We reported in June that the Save Our Schools March, scheduled for Saturday in Washington D.C., presented itself as a grassroots effort without mentioning the big teachers union's role in funding the event.First of all, dummy: nearly all of the teachers here are "union members." Most public school teachers are "union members." If teachers are there tomorrow, union members will be there. Duh.
A source passes along a internal document that shows four union members on the March's internal list of executive committee members, but who are not listed publicly on the March's website.
Daai’yah Bilal-Threats, Al Davidoff, Mary Cathryn Ricker, Tim Shea are the only four names who don't appear on the internal document and all are involved with local chapters of the National Education Association or the American Federation of Teachers.
Second: running a local chapter of NEA or AFT doesn't exactly make you Jimmy Hoffa. Most people running locals - even fairly large ones - still teach. Even if they don't, it's not like you've uncovered the elite of the teacher union world. Shea looks to be a field rep; Ricker's the president of the St.
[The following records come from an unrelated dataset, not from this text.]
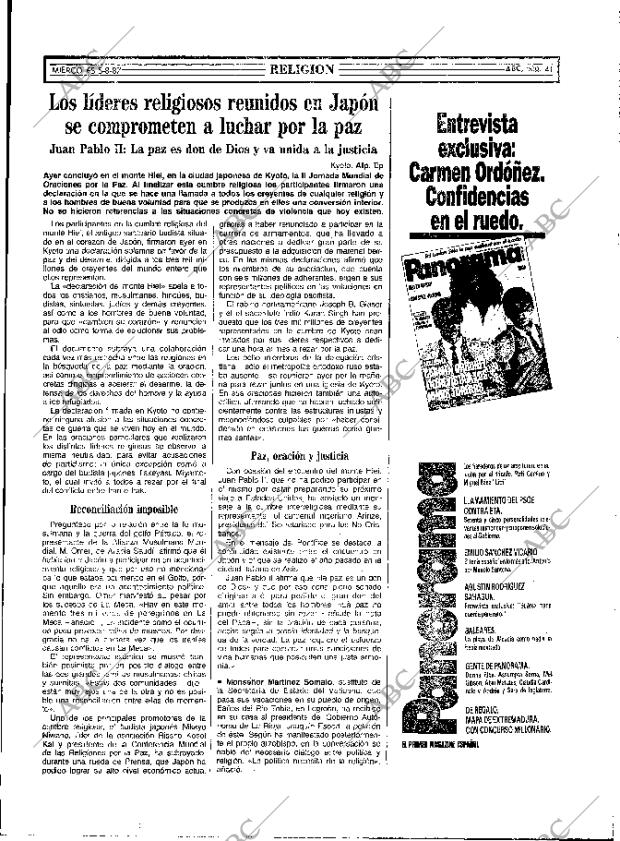 ABC MADRID 05-08-1987 página 41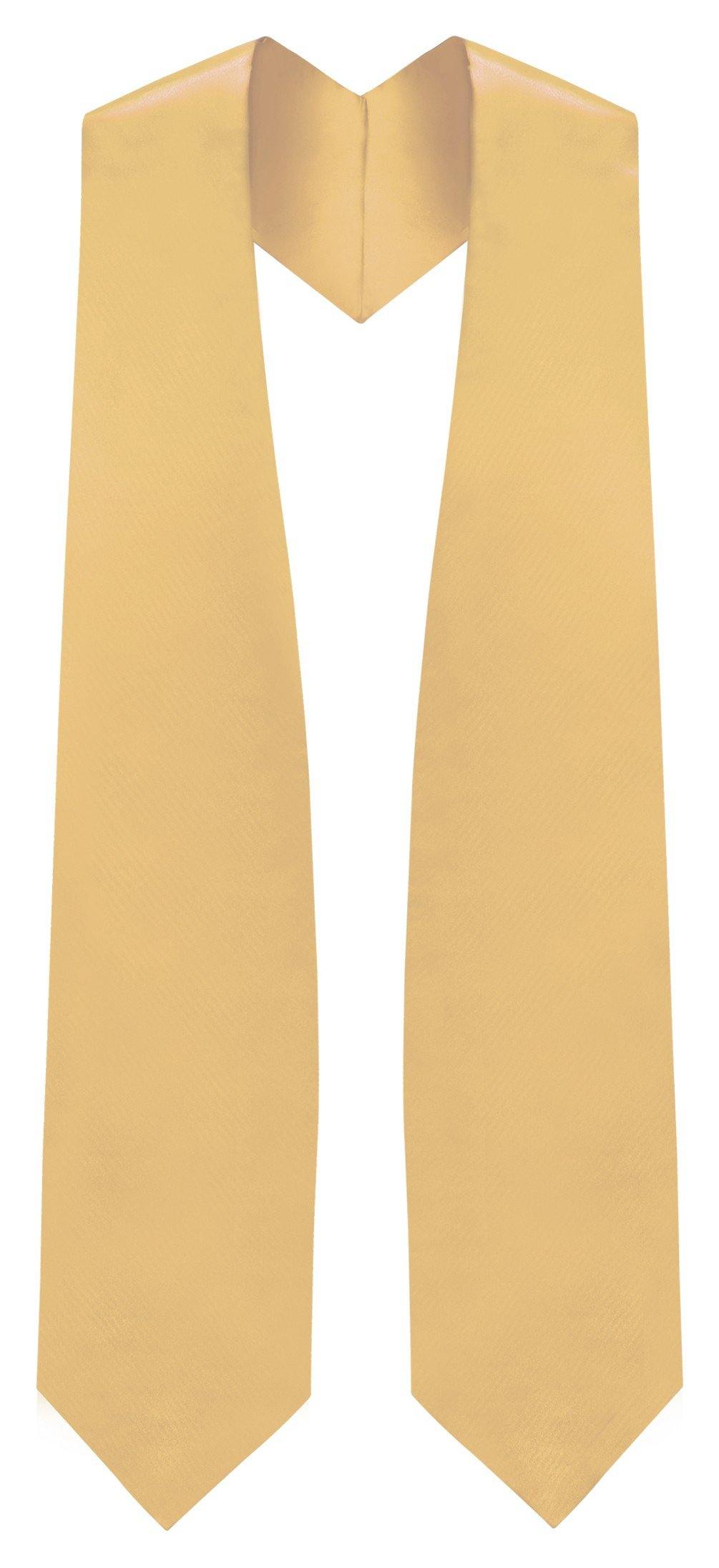 Antique Gold Graduation Stole - A. Gold College & High School Stoles - Graduation Cap and Gown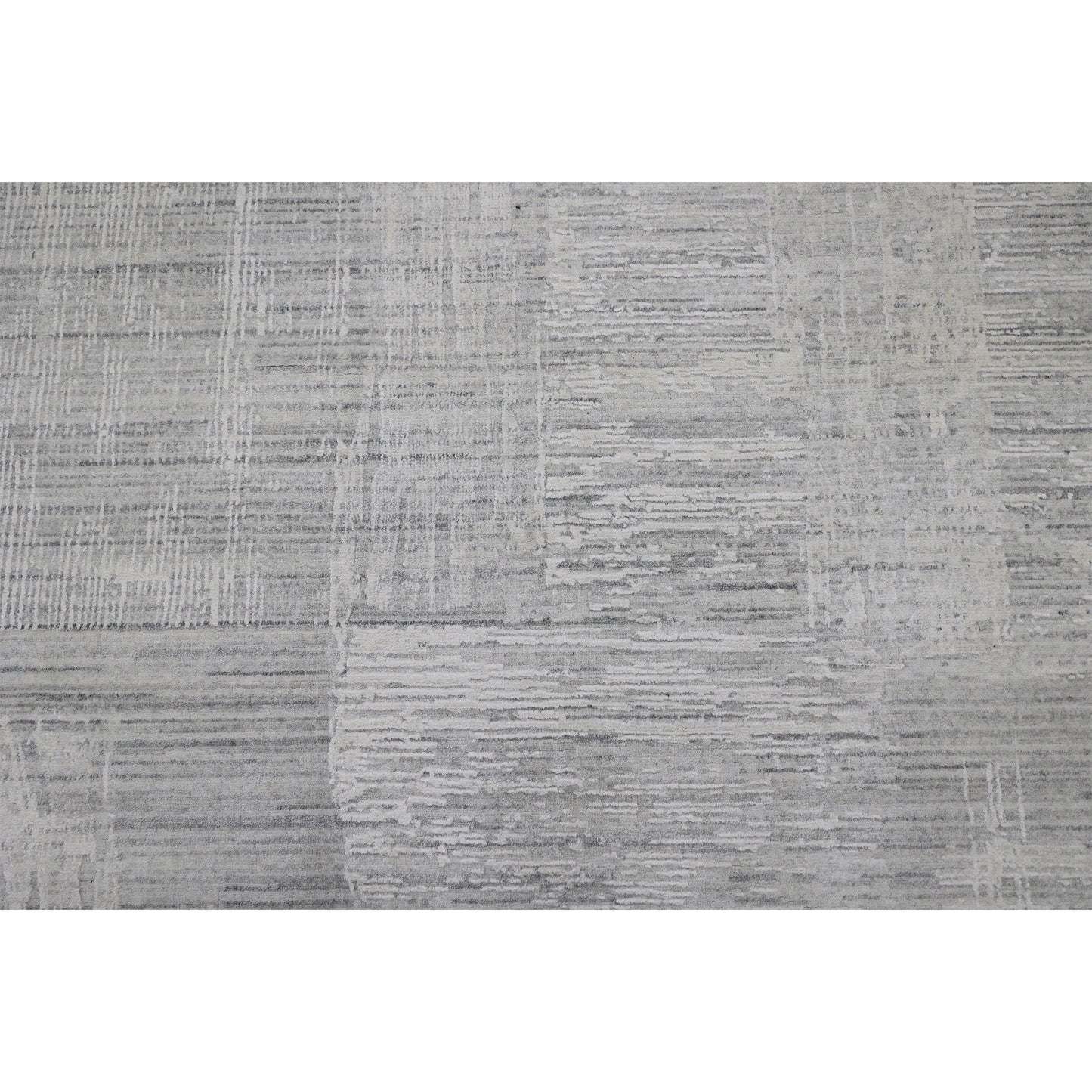 HANDLOOMED JACQUARD RK297 GREY / IVORY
Paul local. This is big news? These are the big money powers of the teacher union world?
Third: Would it be so wrong to have union involvement in SOS? Would that "taint" it somehow? Have you, Ben, bought into the corporate reform mindset so much that anything that a teachers union official is involved in must be corrupt?
Finally: Smith's source for his claim of "union funding" appears to be an off-handed comment in a diary at Daily-Kos. That's it. Wow, you're a real Seymour Hersh...
I'm going to go the march tomorrow and remember that I am surrounded by people who truly care about our schools and our kids - union members or not. Maybe Smith could leave his web browsing for a few minutes, come down to the Ellipse, and learn something.